Summary
denying the government's motion to apply bond deposit to restitution
Summary of this case from United States v. SalyerOpinion
Case No. 11-CR-80211-MARRA
02-21-2013
ORDER DENYING GOVERNMENT'S MOTION TO APPLY BOND
DEPOSIT FOR PARTIAL PAYMENT OF RESTITUTION
This matter is before the Court pursuant to an Order of Reference from United States District Judge Kenneth A. Marra [DE 131]. Before the Court is the Government's Motion to Apply Bond Deposit for Partial Payment of Restitution [DE 128], to which Defendant Gonzalez responded on November 21, 2012 [DE 130]. On January 3, 2013, the undersigned conducted an evidentiary hearing.
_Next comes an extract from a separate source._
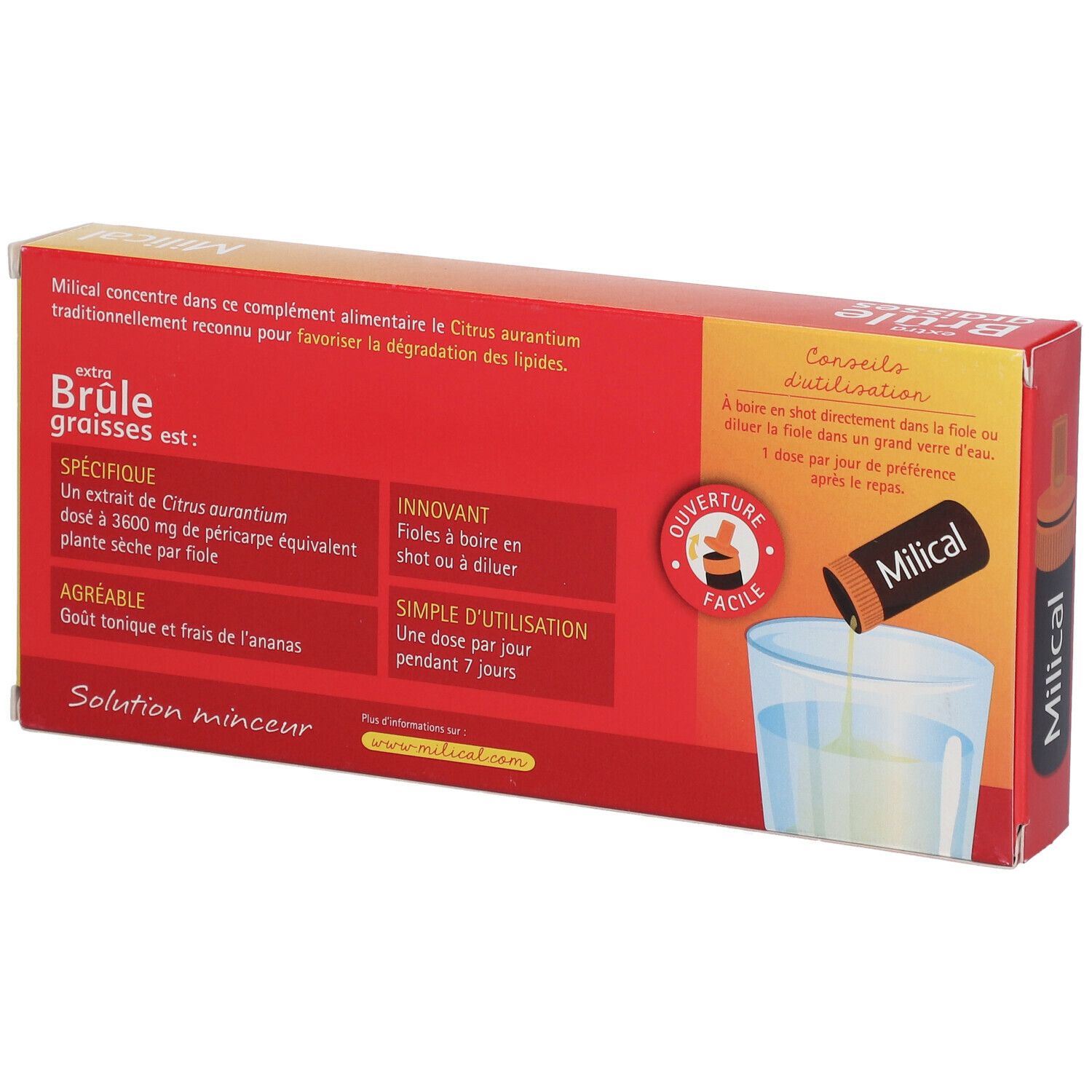 Milical EXTRA Brûle-graisses Ananas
At the conclusion of the evidentiary hearing, the Government requested time to obtain the transcript of Defendant Gonzalez's change of plea hearing and file a supplemental memorandum of law with regard to its motion. The Court granted that request, see DE 137, and the Government filed its supplemental memorandum on February 11, 2013. Although the Court also afforded Gonzalez an opportunity to file a response to the supplemental memorandum, she failed to do so. Accordingly, the matter is now ripe for disposition.
I. Background
On December 21, 2011, a grand jury sitting in this District returned an Indictment charging Defendant Ketty Gonzalez with mail fraud in violation of Title 18, United States Code, Section 1341 and conspiracy to commit mail fraud in violation of Title 18, United States Code, Section 1349. DE 1. On January 20, 2012, Gonzalez appeared before a United States Magistrate Judge for a detention hearing and was ordered released on a $100,000 personal surety bond and a $30,000 bond secured by a 10 percent cash deposit with the court. The bonds were co-signed by Guillermo Ramos, Martin Gonzalez, and Marie Gonzalez. Pursuant to the terms of the $30,000 bond, Ramos deposited $3,000 with the Clerk of the Court.
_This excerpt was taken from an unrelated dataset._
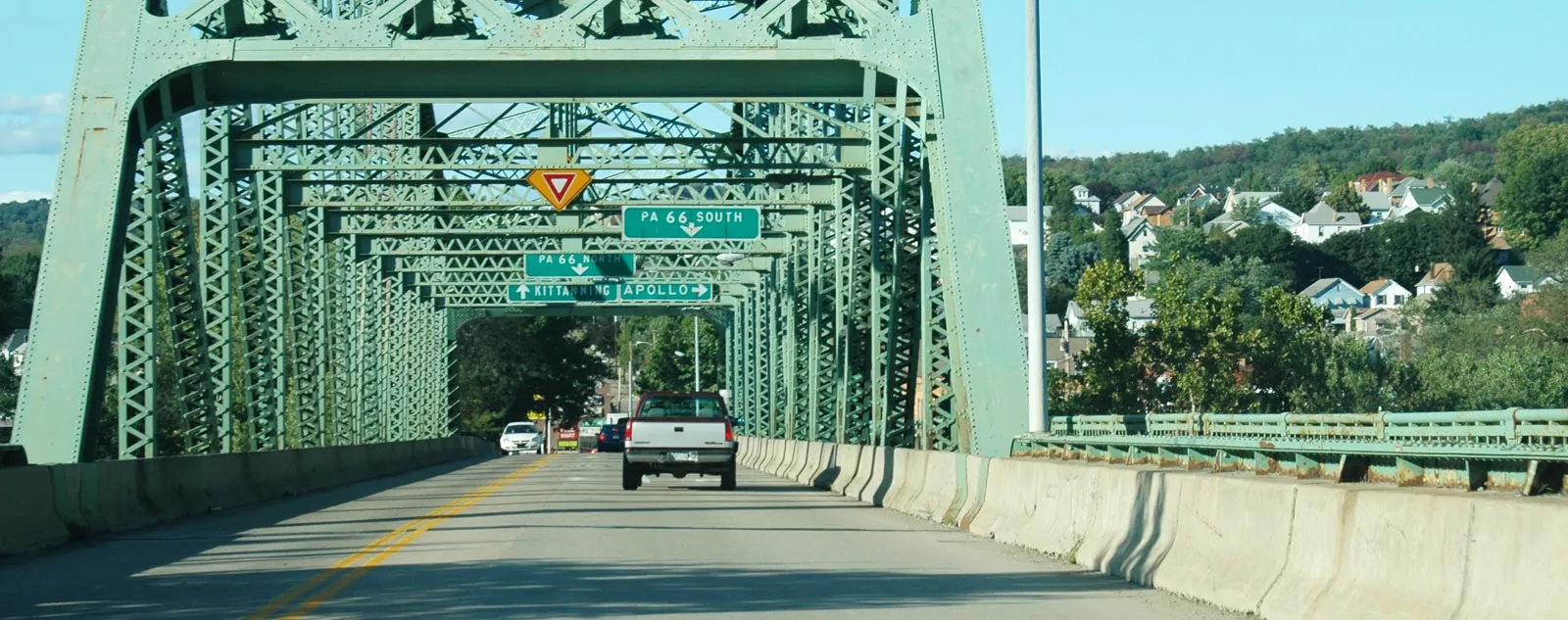 The Leechburg Bridge heading North.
On February 24, 2012, Gonzalez pled guilty to Count One of the Indictment, conspiracy to commit mail fraud. See DE 74. As part of her plea agreement, Gonzalez agreed that she would "make a partial payment of restitution in the amount of $3,000 at the time of sentencing." Plea Agmt. ¶ 14, DE 75. On May 18, 2012, Gonzalez was sentenced to 30 months in prison. See DE 114. Approximately six months later, Gonzalez and the Government filed cross-motions: the Government asks that the $3,000 deposited on Gonzalez's behalf be applied to the payment of her court-ordered restitution [DE 128], and Gonzalez asks that the money be returned to Ramos [DE 129].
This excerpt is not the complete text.